* **Supplied entries**:
----

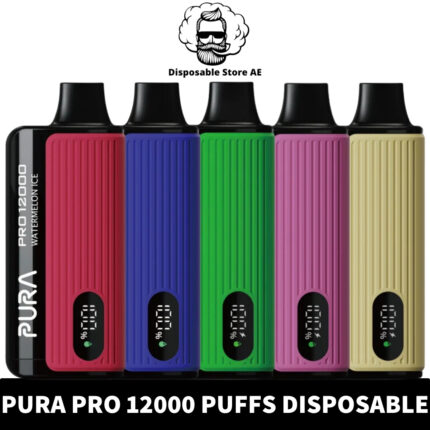 PURA PRO 12000 Puffs Price in Dubai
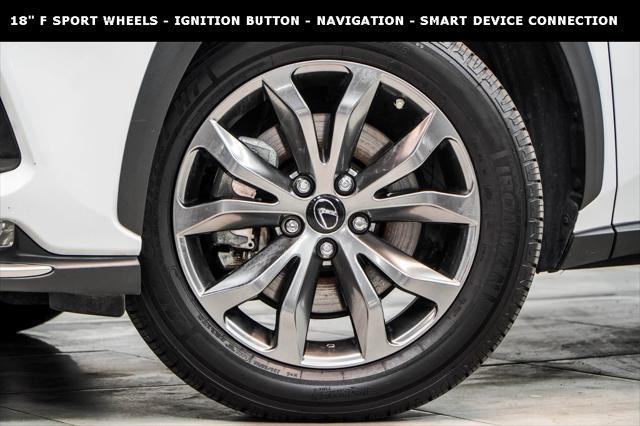 2021 lexus nx 300 f sport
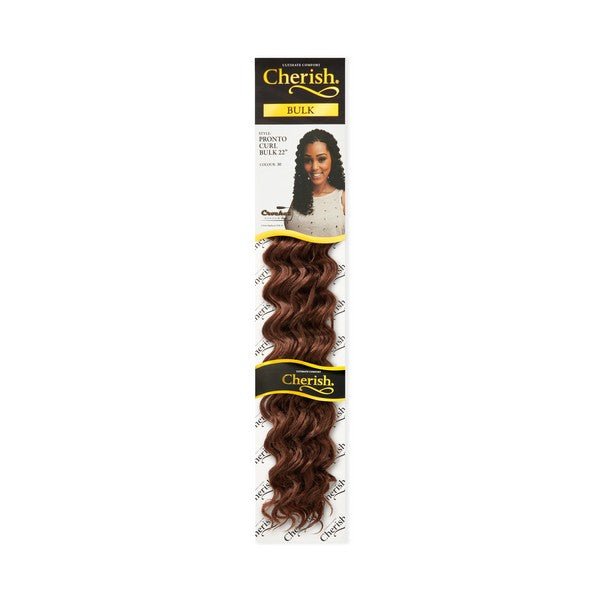 Cherish Pronto Curl 22" Synthetic Hair Braids (All Colours), Cherish, Beautizone UK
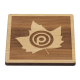 Picture of BAMBOO FRIDGE MAGNET (UK MADE: BESPOKE 70MM)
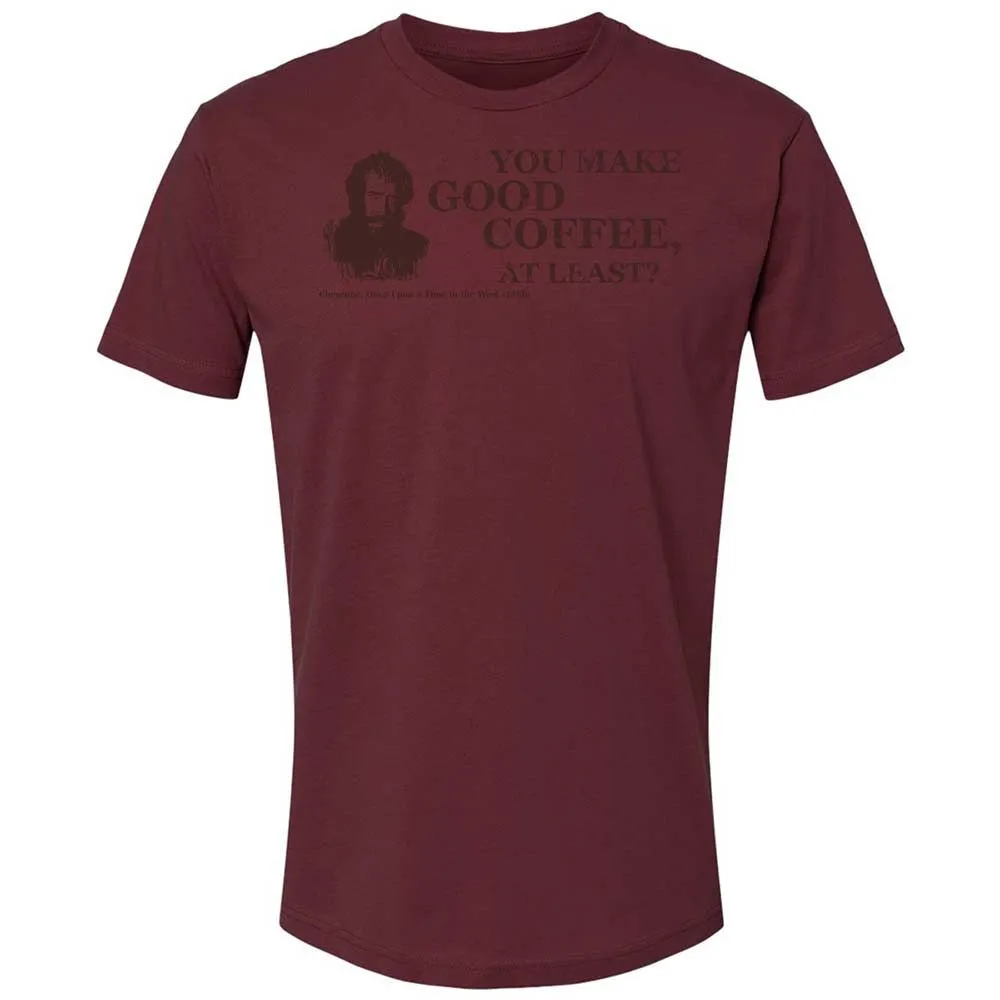 You make good coffee, at least? - Maroon - 19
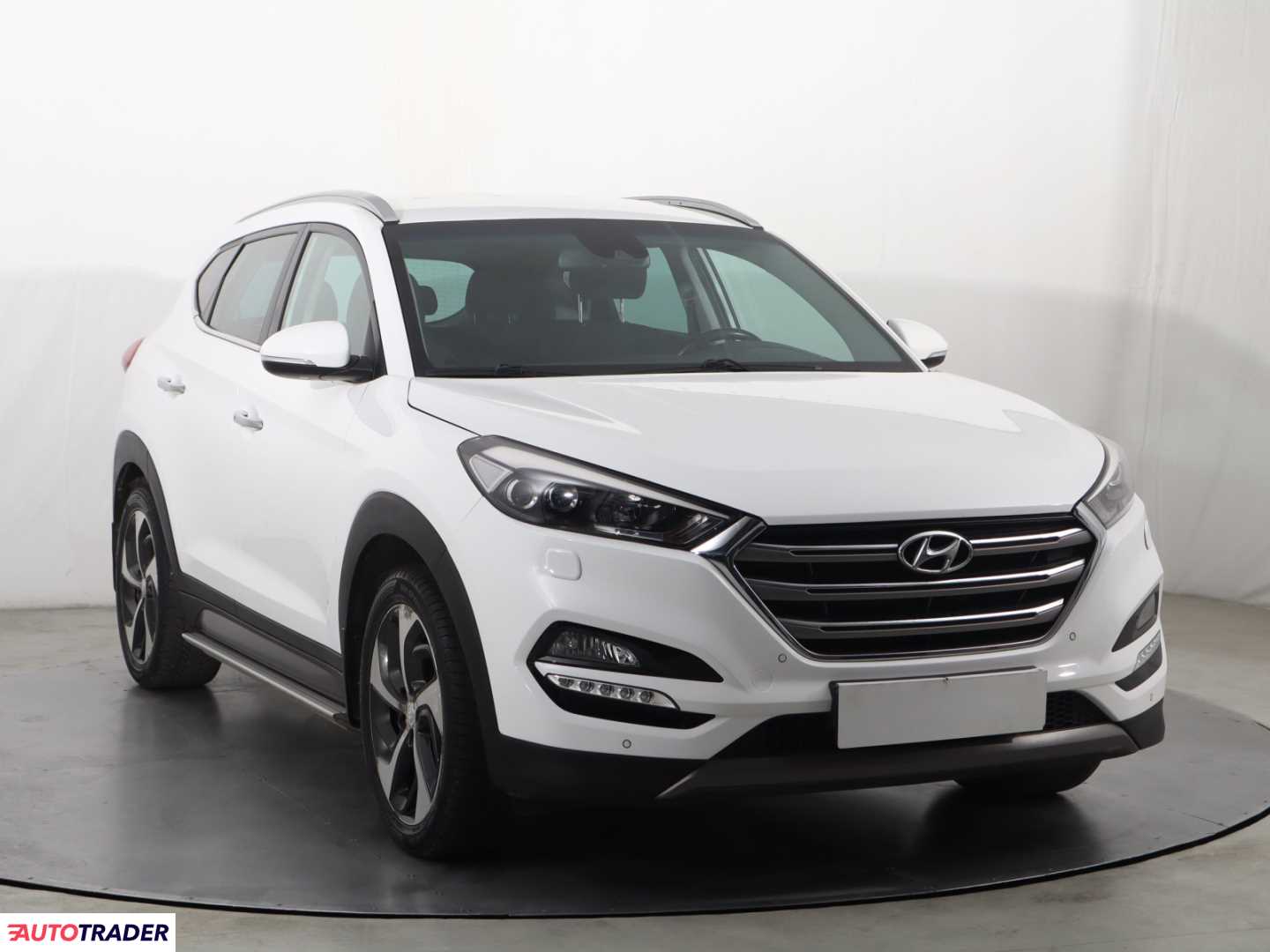 Hyundai Tucson 2015 2.0 134 KM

----

* **Problem statement**:
All that is required is the lines from the line containing "Picture of BAMBOO" through the end of the records above, copied exactly, and none of the pictures.

* **The completed task**:
 Picture of BAMBOO FRIDGE MAGNET (UK MADE: BESPOKE 70MM)
 You make good coffee, at least? - Maroon - 19
 Hyundai Tucson 2015 2.0 134 KM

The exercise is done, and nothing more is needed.